Sublime Forum

Syntax highlighting in Sublime Text 2

#1

Hi,

ST2 is a great tool - partially thanks to availability of all the packages. But I have a real concern and there’s one thing that stops me from using (and buying) it: syntax highlighting.

I think that there are two models for syntax highlighting that work:

  1. token based (used mostly in simple text editors) - the source file is tokenized and then every token is assigned to a group which has a specific colour assigned,
  2. semantical/contextual (used by large IDEs) - the source is parsed and the tokens are coloured depending on semantic/context of the token.

If I understand correctly, what ST2 is doing is a strange mixture of these two: you can specify a set of regexes that match the input and single matches of that regex are mapped to different tokens.
Sorry to say this, but its… whacky. See the simplest example:


You could say that the package has bugs, but I would say that this approach clearly doesn’t work. I understand that it is inherited from TextMate, but in my opinion this should be changed. Regexes can match a very limited set of languages and what TM/ST2 is doing is abusing the concept.

Changing the language definition file(s) is not a solution for me.

Can we go to a simple token based solution where I can define the tokens and group them?
Please comment.

0 Likes

#2

Not quite true.

I think you’re really missing a point here. You can always tokenize everything you want through the regexps which is present in ST. In fact most parts of the current syntaxes have common groups for built-in functions for example.

P.S.
About the screenshot you have there - I think it’s a problem not in the syntax definition but in the syntax highlighting, based on definition. Though js syntax defs should be tweaked, true, I’m working on mine right now :smile:

0 Likes

#3

[quote=“ubuffon”]

Not quite true.[/quote]

How’s that? You cannot use regexps to match that param in the function body is the same thing as param in the function signature (in the example above). You need a parser for that. So why try doing what’s not doable? In my opinion these regexes should be used to match simple tokens, not full constructs.

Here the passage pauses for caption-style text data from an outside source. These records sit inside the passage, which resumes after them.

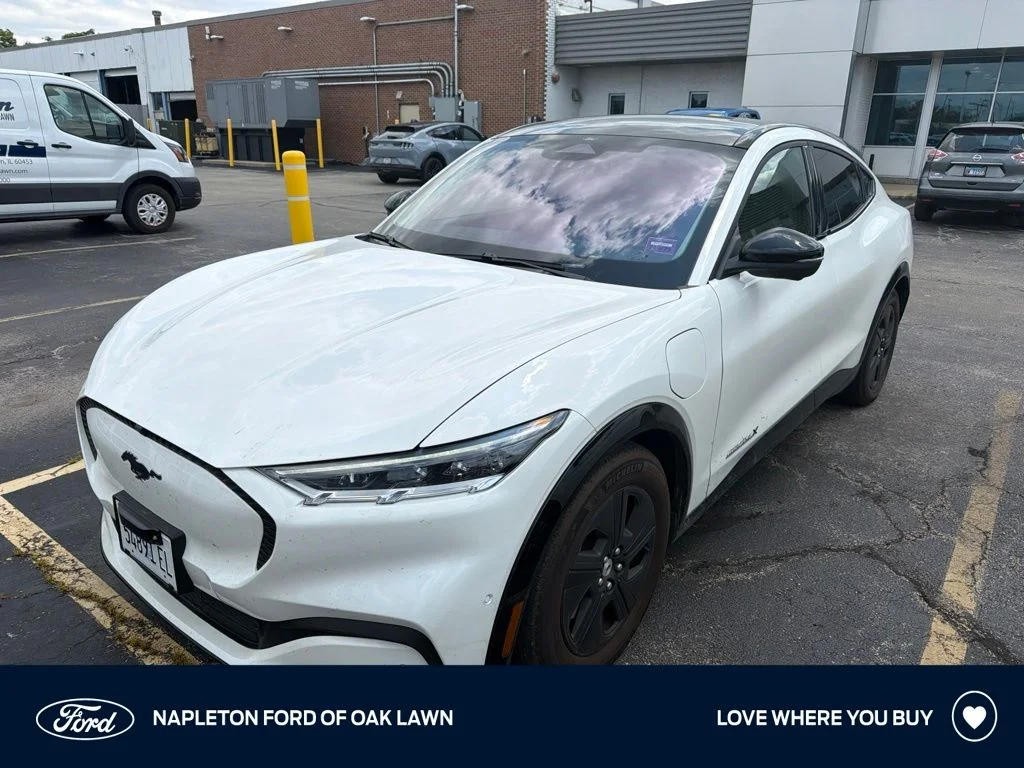 Used 2021 White Ford California Route 1 image 1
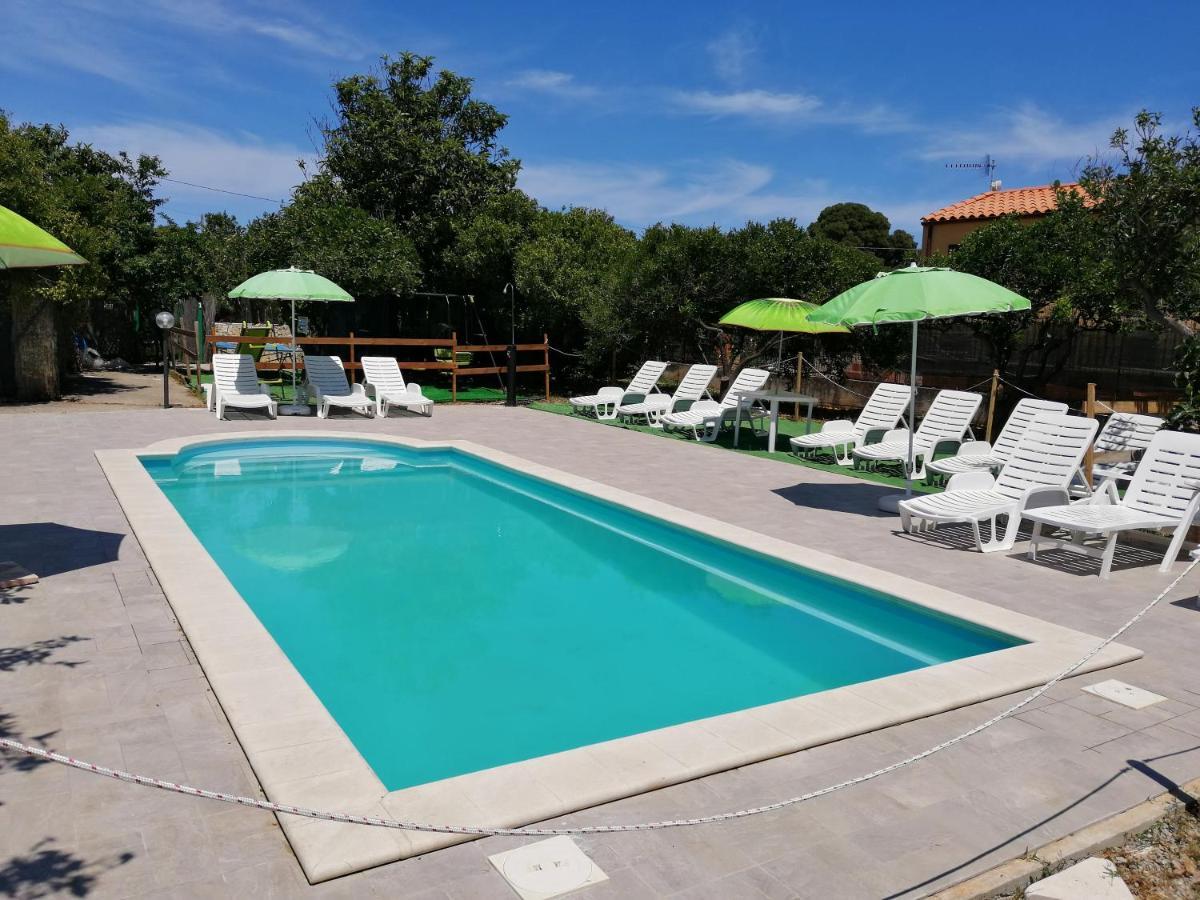 Cefalù Lascari House Екстериор снимка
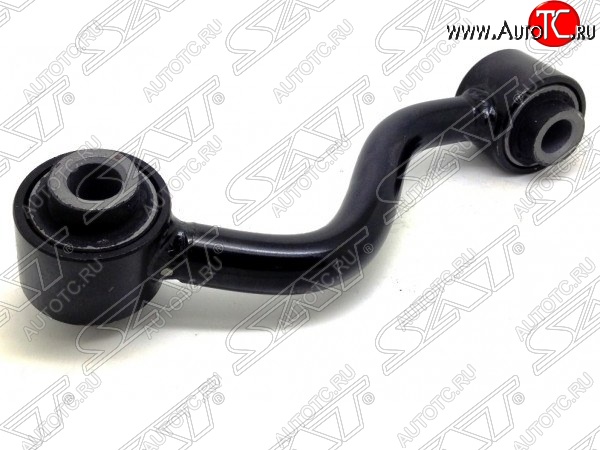 779 р. Левая стойка (тяга) заднего стабилизатора SAT Nissan Qashqai 1 дорестайлинг (2007-2010)  с доставкой в г. Белгород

[quote=“ubuffon”]I think you’re really missing a point here. You can always tokenize everything you want through the regexps which is present in ST. In fact most parts of the current syntaxes have common groups for built-in functions for example.

P.S.
About the screenshot you have there - I think it’s a problem not in the syntax definition but in the syntax highlighting, based on definition. Though js syntax defs should be tweaked, true, I’m working on mine right now :smile:[/quote]

What point, really? MY point is that, as it is now, JavaScript syntax highlighting is broken. Furthermore, I would need to know a lot of trickery to fix it myself. Why not simplify the whole thing?

0 Likes

#4

Yep, that can’t be done with regexp, and the behaviour of acknowledging the argument as the local variable of the function is out of the editor functionality. Because it’s an editor, not IDE.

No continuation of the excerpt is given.